The United States Patent Office - US PTO has developed a reputation for refusing applications directed to "Cold Fusion" technology. Past practices of the US PTO, which will be reviewed based on a published employee grievance hearing, have shown that some staff members have been hostile to granting patents in this field. However personal exchanges held with the US PTO in the fall of 2012 indicated that the US PTO
will issue properly drafted patents which are directed to new technology in the field of Cold Fusion/generation-of-unexplained-excess-energy if accompanied by a proper disclosure and a demonstration that the asserted procedures will work as represented.

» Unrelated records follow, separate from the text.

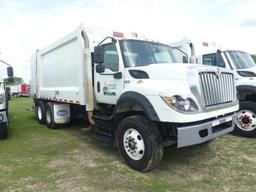 2021 International HV613 Garbage Truck, s/n 3HAESTZT9ML828048 (Extra Key in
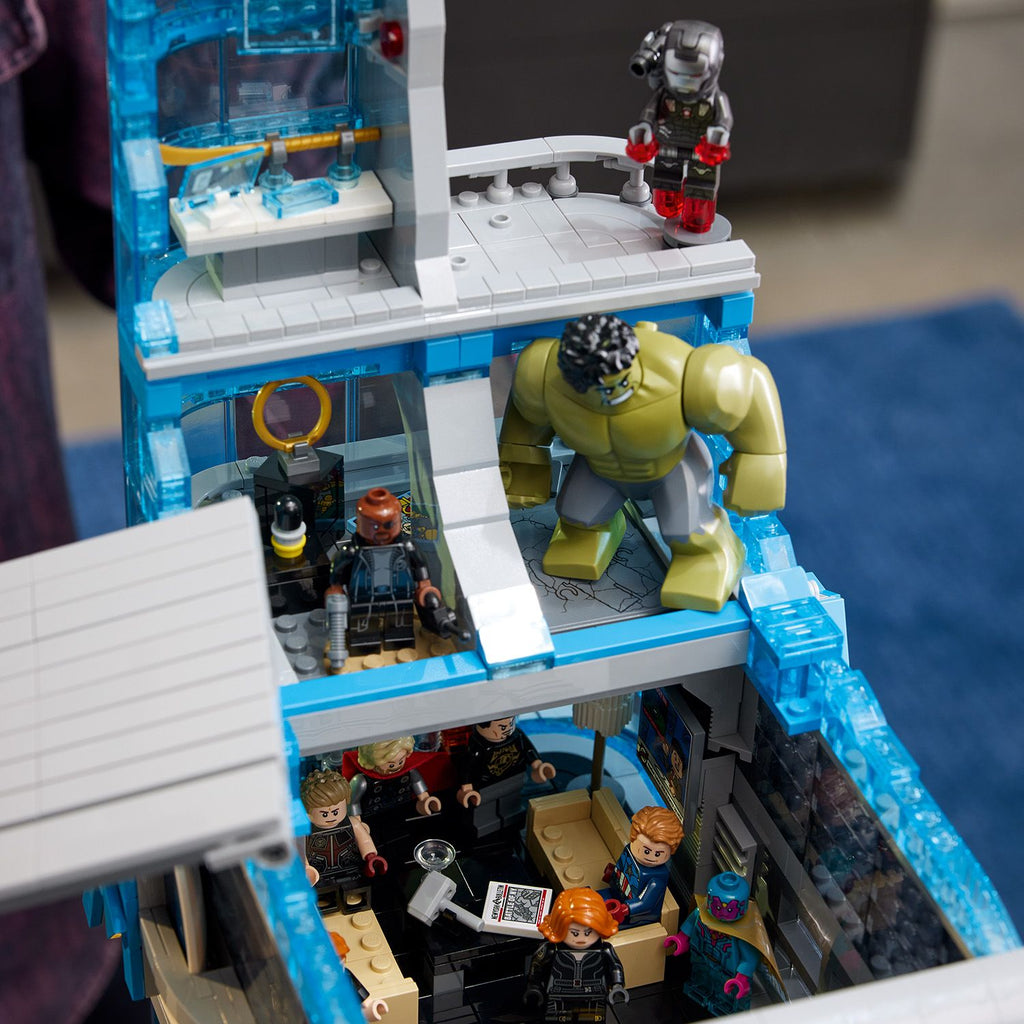 LEGO® Marvel Avengers Tower - Góc nhìn khác 3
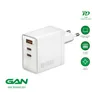4smarts Netzladegerät GaN Pocket 100W 2C+1A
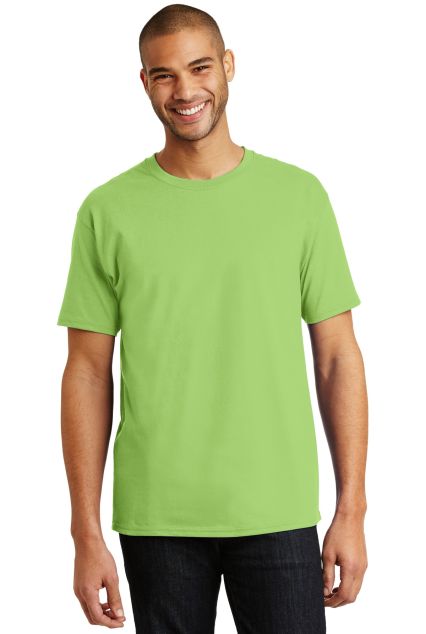 5250 Hanes Authentic T-shirt in Lime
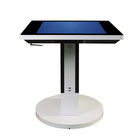 Waterproof 43 Inch All in One Floor Stand Capacitive Touch Table Kiosk For Resturant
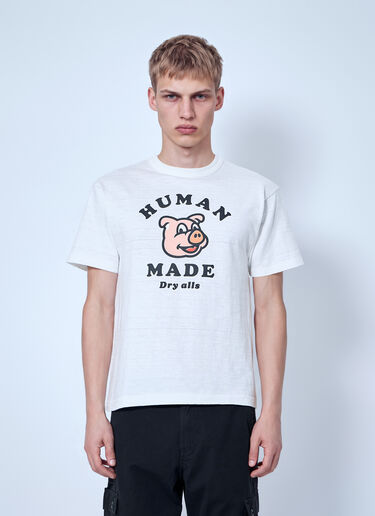 Human Made Graphic T-Shirt White hmd0166005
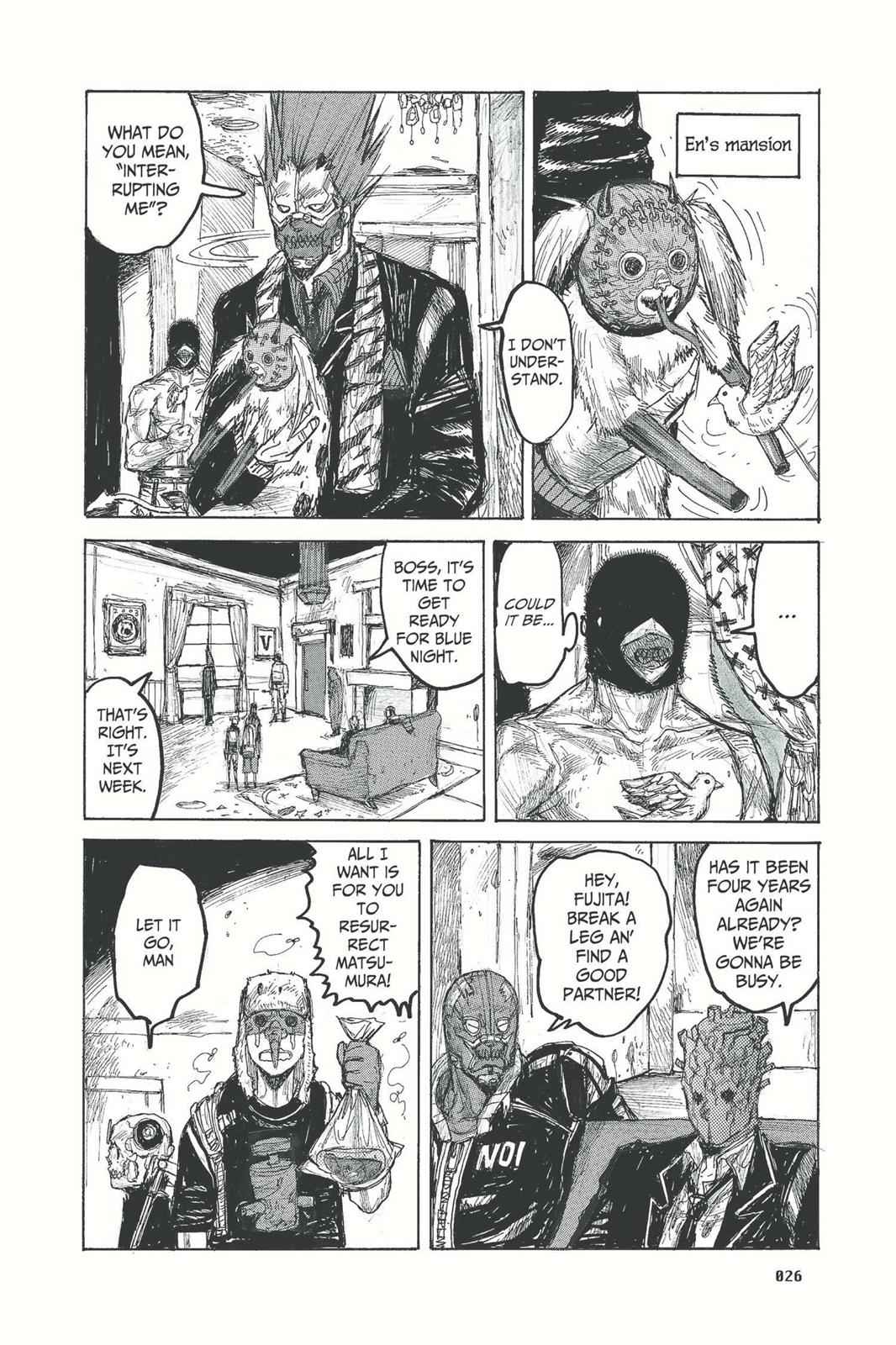 Dorohedoro Chap 24 - Next Chap 25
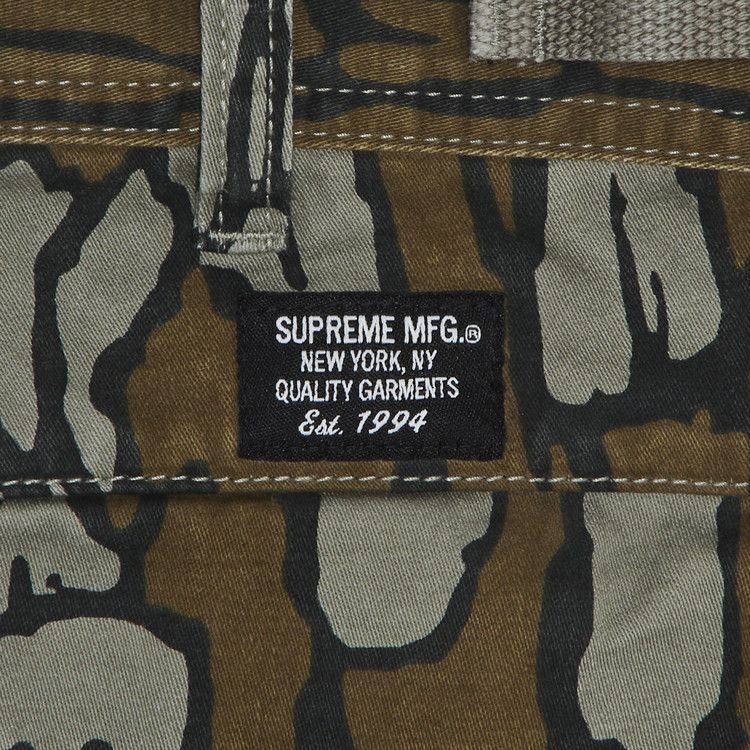 Buy Supreme Cargo Short 'Mossy Oak Trebark Camo' - SS25SH4 MOSSY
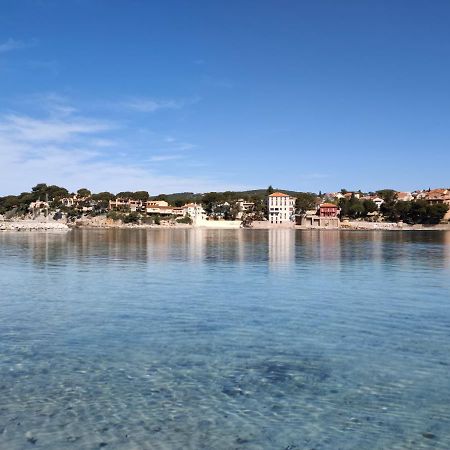 Joli Studio Les Pieds Dans L Eau Avec Place De Parking Gratuite Bandol Zewnętrze zdjęcie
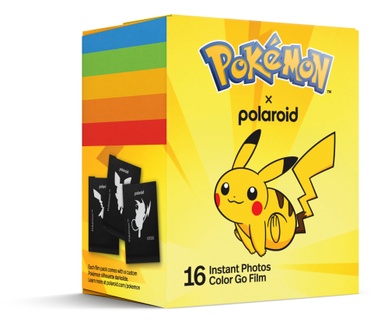 Polaroid Go Film Pokemon Pikachu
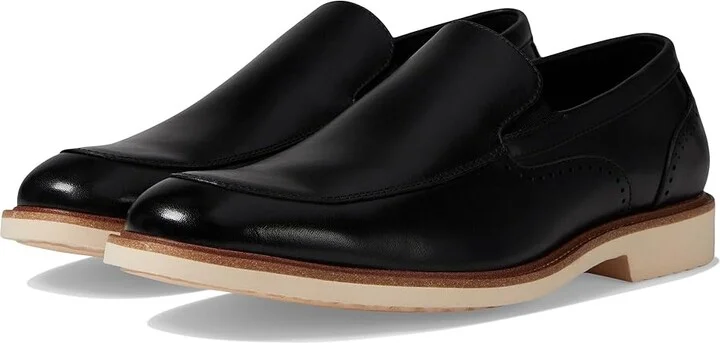 Stacy Adams Wellington Slip-On Men's Lace-up Boots Black : 10 W, Leather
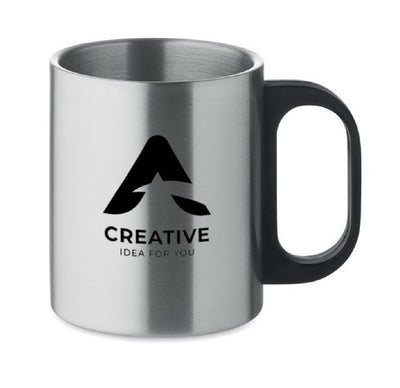 Branded Double wall mug 300 ml
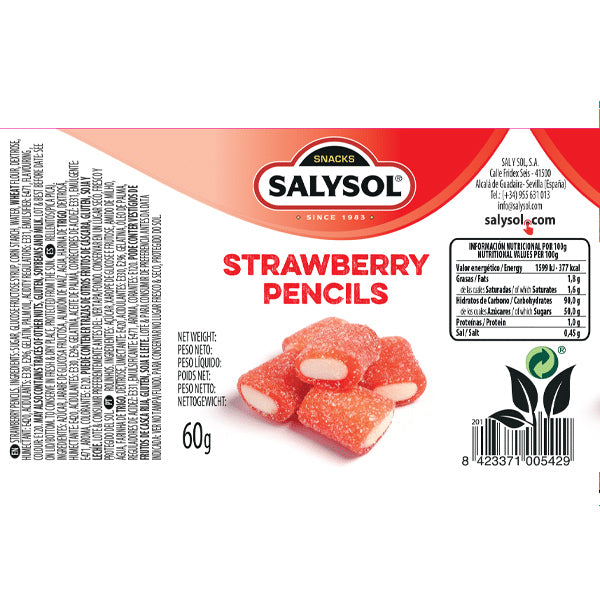 CRAYONS À LA FRAISE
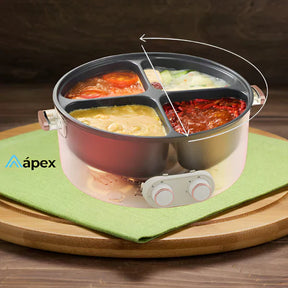 Multifunktionspfanne 4-in-1 – MEHR PRAKTIKABILITÄT IN DER KÜCHE MIT 6L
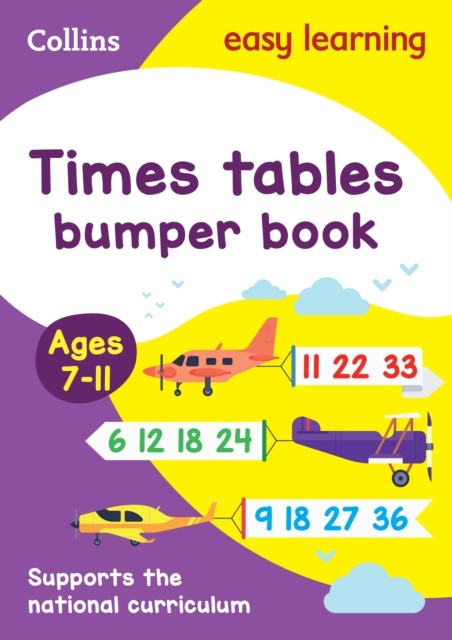 Times Tables Bumper Book Ages 7-11 : Prepare For School With Easy Home Learning Collins Easy Learning - Image 9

With the US PTO receiving over one half million applications a year, Examiners do not customarily require applicants to file proof that their alleged invention will work as represented. However, the US PTO has classified Cold Fusion and LENR technology in the same category as "perpetual motion". These are considered to be cases where there is doubt that the alleged invention will work. In these fields Examiners are expected to require applicants to demonstrate that the alleged invention actually works. To impose this requirement the Examiner must establish a basis for a legitimate doubt in a communication to the applicant before requiring applicants to provide proof of operability. Unfortunately, Examiners faced with Cold Fusion applications have in many instances used excessively negative and inflammatory language regarding the history of Cold Fusion science in attempting to place such a doubt on record.